■ **What to do**
Please print the data again exactly as given.

■ **Data provided**
┄┄┄┄┄┄┄┄┄┄┄┄┄┄┄┄┄┄┄┄
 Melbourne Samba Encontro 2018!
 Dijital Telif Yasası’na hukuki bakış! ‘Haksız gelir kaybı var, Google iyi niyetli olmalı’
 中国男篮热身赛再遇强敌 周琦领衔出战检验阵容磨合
┄┄┄┄┄┄┄┄┄┄┄┄┄┄┄┄┄┄┄┄
■ **Result of this task**
 Melbourne Samba Encontro 2018!
 Dijital Telif Yasası’na hukuki bakış! ‘Haksız gelir kaybı var, Google iyi niyetli olmalı’
 中国男篮热身赛再遇强敌 周琦领衔出战检验阵容磨合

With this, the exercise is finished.